The listing is to be printed word for word, pictures omitted.

## DATA EXCERPT
====================

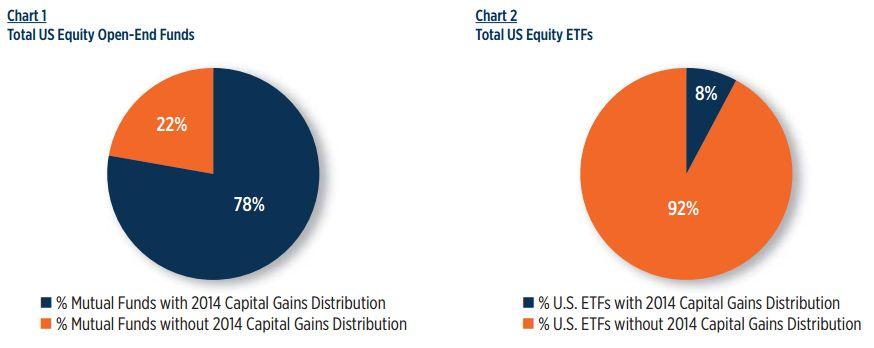 Taxation of ETFs vs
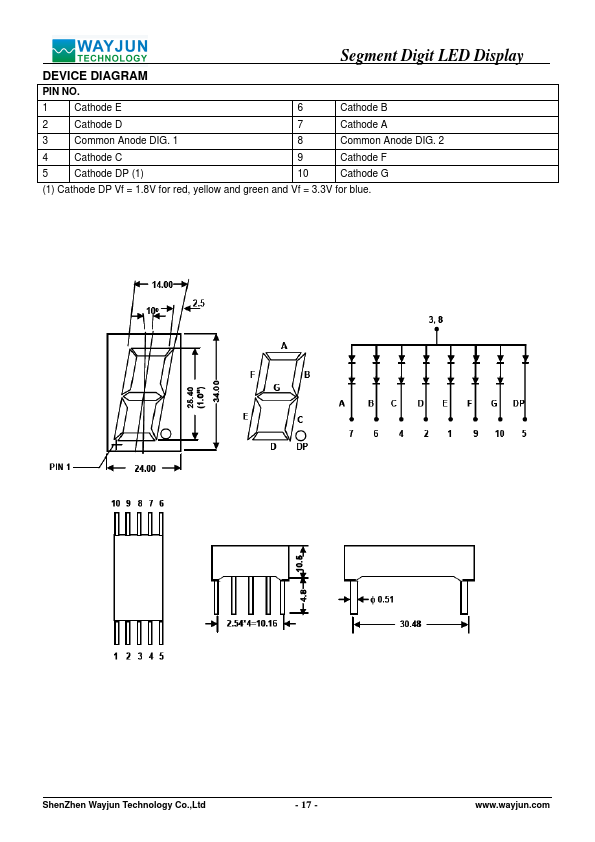 LEDS10012TB11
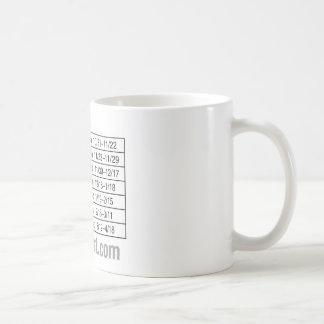 taza de café de 13 muestras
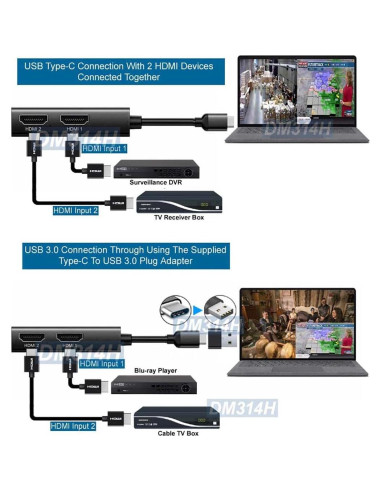Adaptador Captura HDMI Doble AllAboutAdapters DM314H 4K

====================

## OUTPUT OF THE EXERCISE
 Taxation of ETFs vs
 LEDS10012TB11
 taza de café de 13 muestras
Adaptador Captura HDMI Doble AllAboutAdapters DM314H 4K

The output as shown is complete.